═══ SUPPLIED MATERIAL ═══

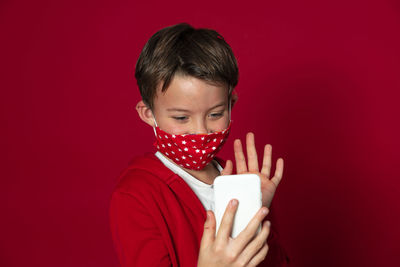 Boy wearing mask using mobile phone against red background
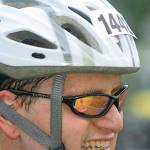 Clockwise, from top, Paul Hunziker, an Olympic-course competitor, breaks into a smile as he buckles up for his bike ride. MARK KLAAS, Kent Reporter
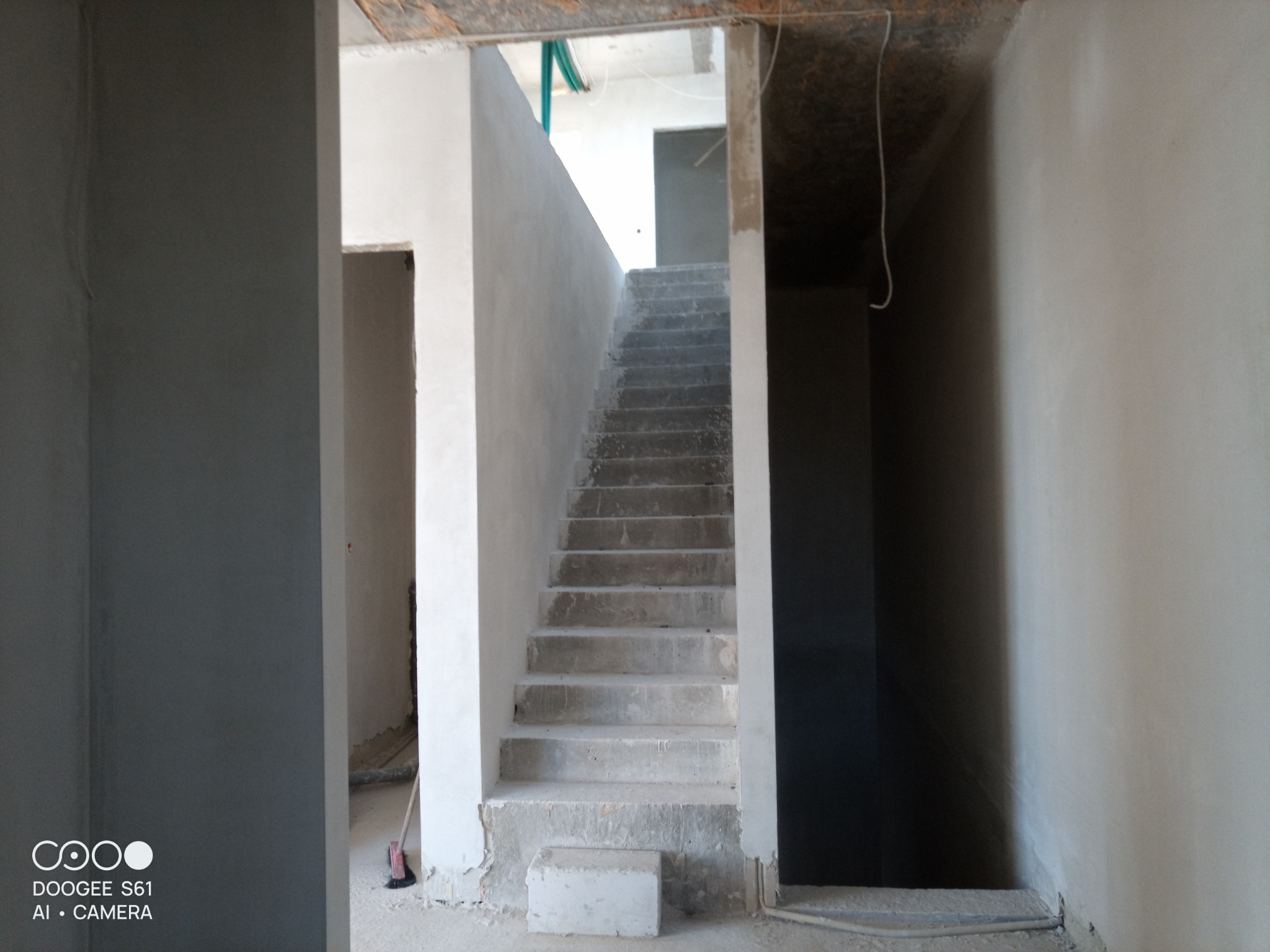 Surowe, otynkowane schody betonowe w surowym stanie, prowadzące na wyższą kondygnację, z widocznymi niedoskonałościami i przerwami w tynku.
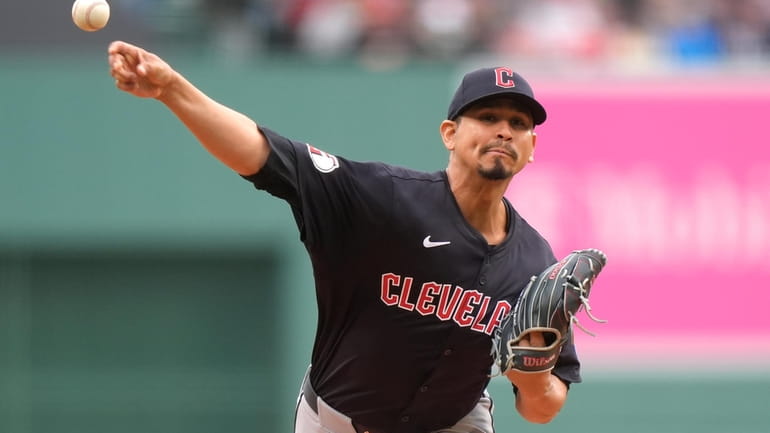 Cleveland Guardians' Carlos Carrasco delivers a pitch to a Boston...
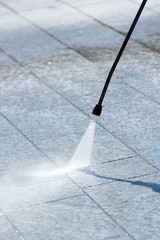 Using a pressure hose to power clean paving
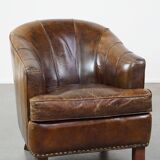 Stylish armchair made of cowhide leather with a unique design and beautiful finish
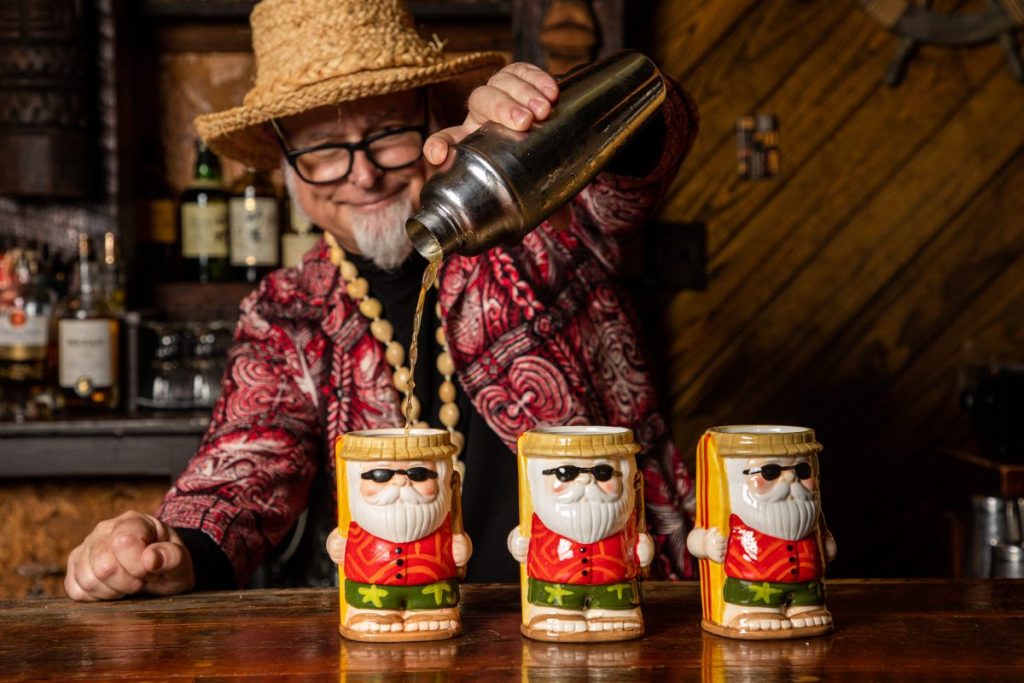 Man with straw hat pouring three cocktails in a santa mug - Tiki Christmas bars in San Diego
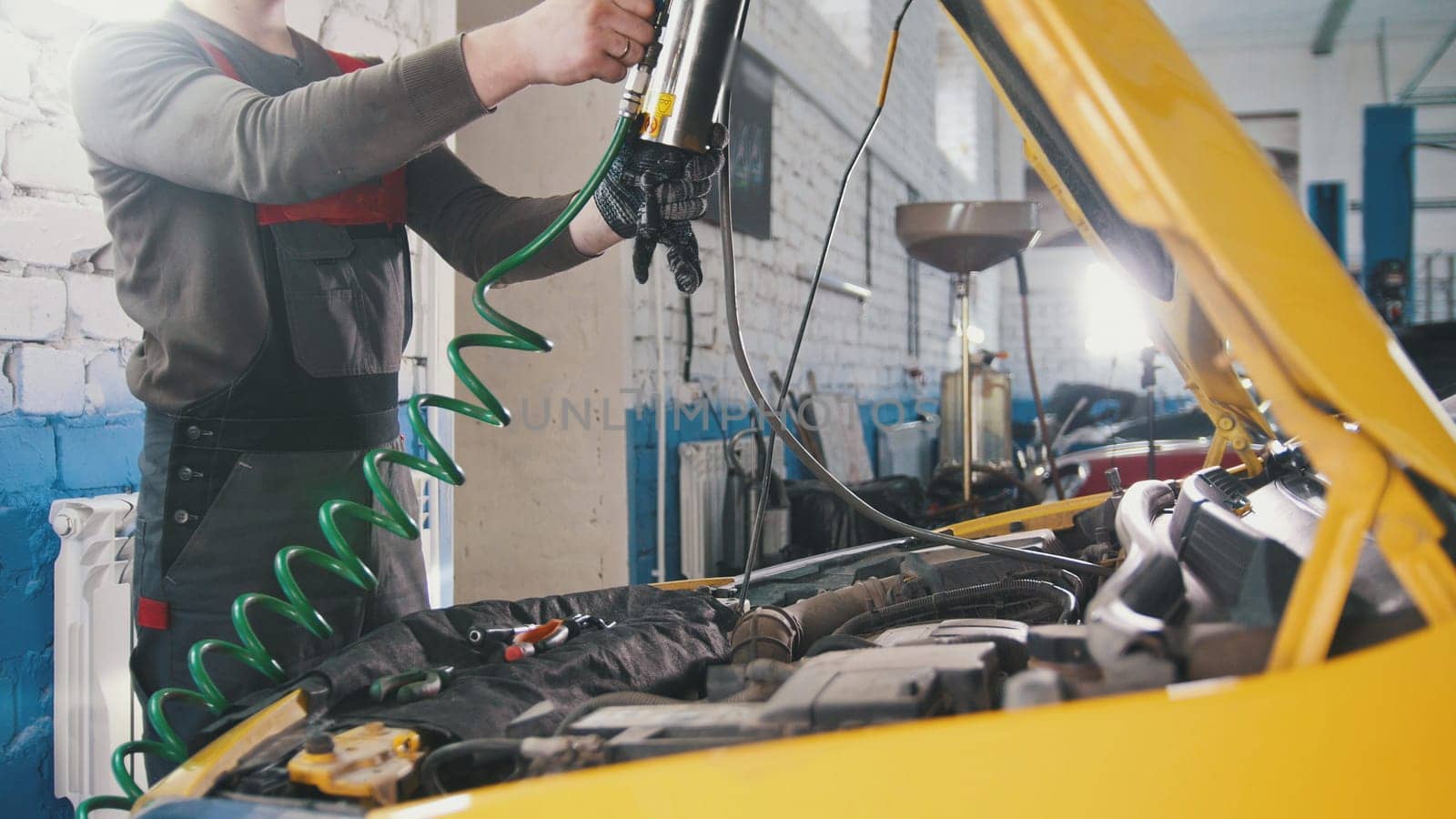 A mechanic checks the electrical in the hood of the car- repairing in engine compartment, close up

═══

# [EXERCISE]
Reprint each of the records exactly and skip the images.

# [RESPONSE FOR THIS EXERCISE]
 Boy wearing mask using mobile phone against red background
 Clockwise, from top, Paul Hunziker, an Olympic-course competitor, breaks into a smile as he buckles up for his bike ride. MARK KLAAS, Kent Reporter
 Surowe, otynkowane schody betonowe w surowym stanie, prowadzące na wyższą kondygnację, z widocznymi niedoskonałościami i przerwami w tynku.
 Cleveland Guardians' Carlos Carrasco delivers a pitch to a Boston...
 Using a pressure hose to power clean paving
 Stylish armchair made of cowhide leather with a unique design and beautiful finish
 Man with straw hat pouring three cocktails in a santa mug - Tiki Christmas bars in San Diego
 A mechanic checks the electrical in the hood of the car- repairing in engine compartment, close up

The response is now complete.